## Description of the task
Your job is to give again, exactly and with no additions, the lines in the records below from the one with "Two firefighters watch" through the one with "view of yard with a fenced backyard", both included. Omit the pictures.

## Information given
◆ ◆ ◆ ◆ ◆ ◆ ◆

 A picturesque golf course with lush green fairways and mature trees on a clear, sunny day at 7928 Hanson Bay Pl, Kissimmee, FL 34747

◆ ◆ ◆ ◆ ◆ ◆ ◆

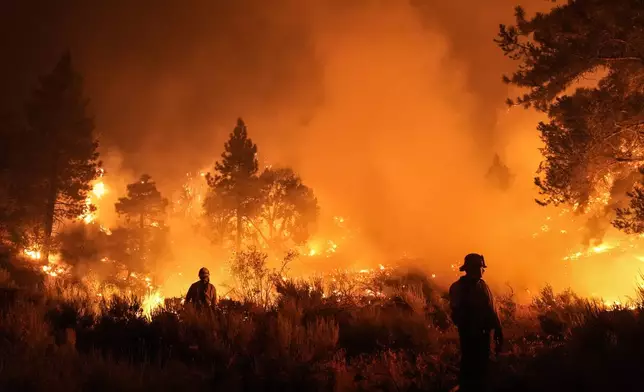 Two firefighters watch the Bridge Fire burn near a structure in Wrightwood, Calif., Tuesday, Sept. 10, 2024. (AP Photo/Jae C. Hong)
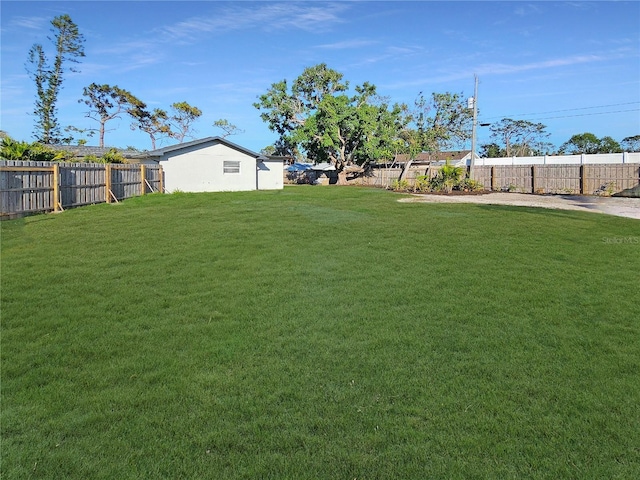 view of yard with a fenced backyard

◆ ◆ ◆ ◆ ◆ ◆ ◆

## Answer to this problem
 Two firefighters watch the Bridge Fire burn near a structure in Wrightwood, Calif., Tuesday, Sept. 10, 2024. (AP Photo/Jae C. Hong)
 view of yard with a fenced backyard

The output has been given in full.